“I am drawn to these sorts of subjects,” Dick says. “They’re fertile ground for discussing larger issues in American society.”
“The Invisible War” reports, using Defense Department statistics, that more than 20 percent of women in the military have reported a sexual assault. The department estimates that about 80 percent of such assaults, which affect many men as well as women, are not reported. (Some of these same numbers have been featured recently in a “Doonesbury” story line.)
The film notes that women are often penalized for alleging sexual assault and are required to report such attacks to their chain-of-command superior, who in some cases is the accused rapist. Single women raped by married men have been charged with adultery, while their attackers go unpunished.
The standard U.S. military approach to sexual assault is designed “to help women get raped better,” Army criminal investigator Sgt. Myla Haider says in the movie.
“We aren’t going to comment on the film or the cases in the film,” says Cynthia O. Smith, a spokeswoman for the Defense Department’s press office. But she notes that procedures have changed since Leon E. Panetta became defense secretary last year.
After interviewing more than 70 victims — they use the term “survivors” — Dick and Ziering are not disinterested observers. They visited Washington early this month with the hope of reaching filmgoers and policy shapers.

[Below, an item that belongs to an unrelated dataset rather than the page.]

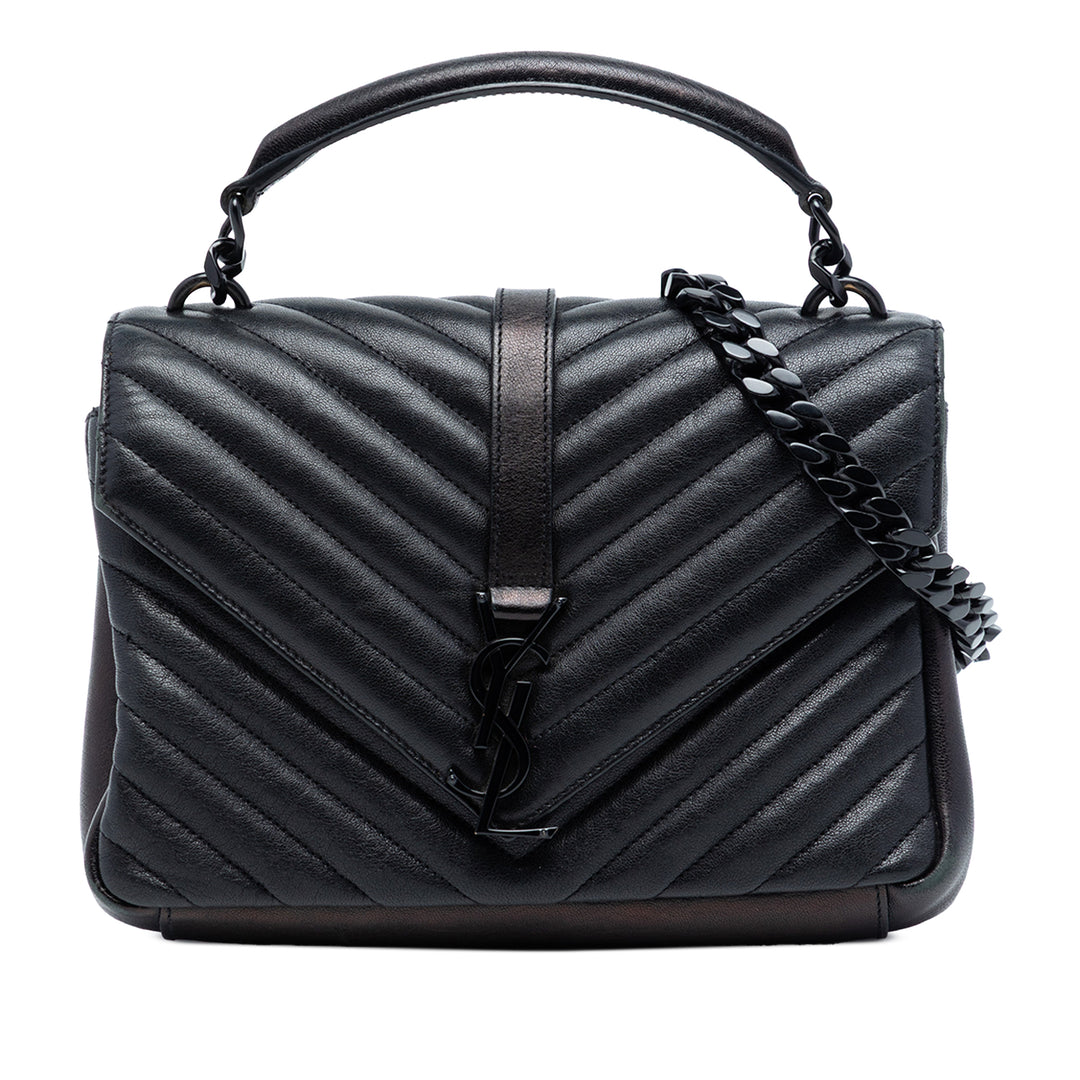 Saint Laurent Medium Chevron Sheepskin Monogram Monochrome College Sac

“There are two audiences for this movie,” says Dick, sitting with his collaborator in a downtown theater one morning. “There’s the usual documentary audience, and then there are the decision makers.”
Since “The Invisible War” won the Audience Award for best documentary at the Sundance Film Festival in January, copies have circulated at the Pentagon and on Capitol Hill. “We call it a grass-top, rather than a grass-roots, approach,” Ziering says.
“We know that Panetta has seen it, and that he was very moved,” Dick says. The movie now ends with the note that Panetta has changed procedures for prosecuting sexual assault in the military, taking responsibility for the cases away from local unit commanders.